DATA SHOWN.
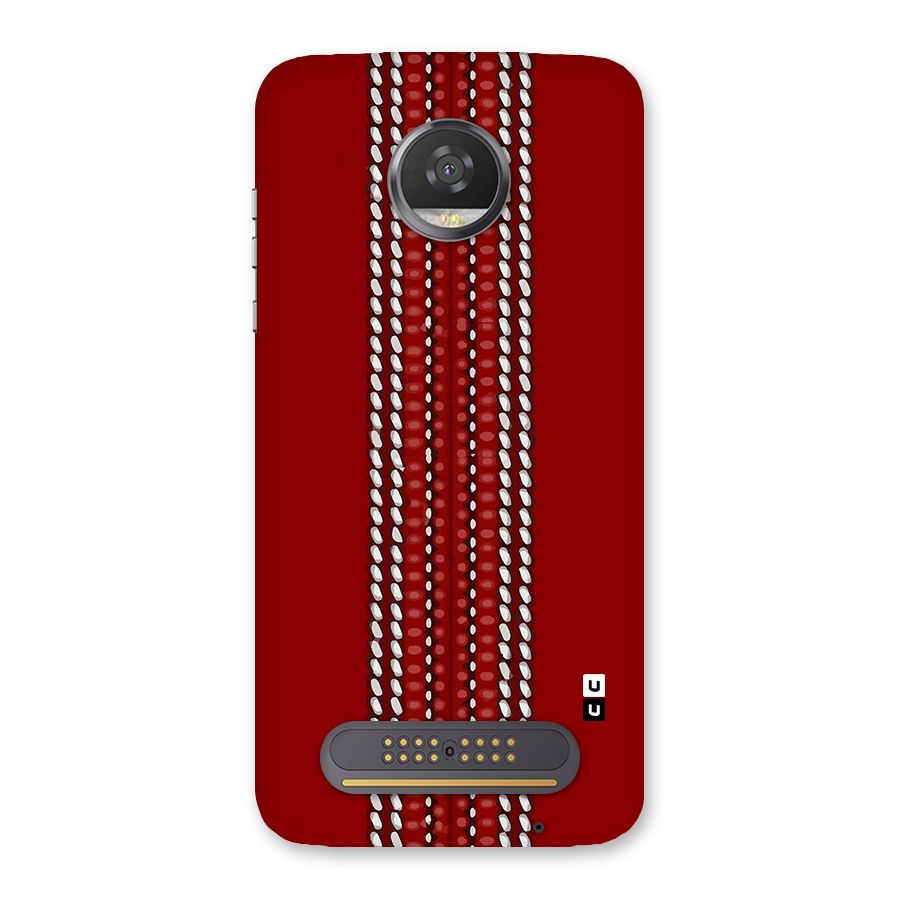 Cricket Ball Pattern Back Case for Moto Z2 Play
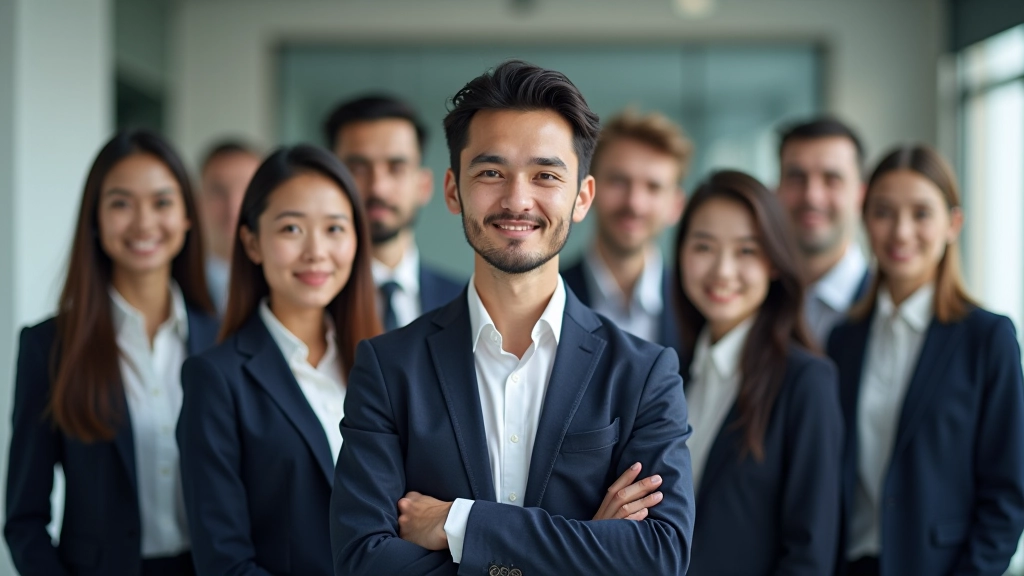Diverse young professionals in a team meeting with various ethnicities and backgrounds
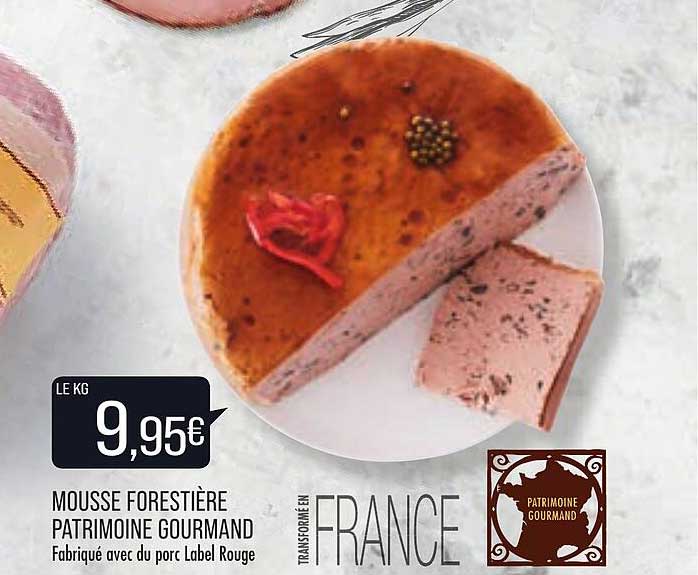 Mousse Forestière Patrimoine Gourmand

YOUR ASSIGNMENT.
Start to finish, write out the data above exactly, omitting all pictures.

ANSWER FOR THIS EXERCISE.
 Cricket Ball Pattern Back Case for Moto Z2 Play
Diverse young professionals in a team meeting with various ethnicities and backgrounds
 Mousse Forestière Patrimoine Gourmand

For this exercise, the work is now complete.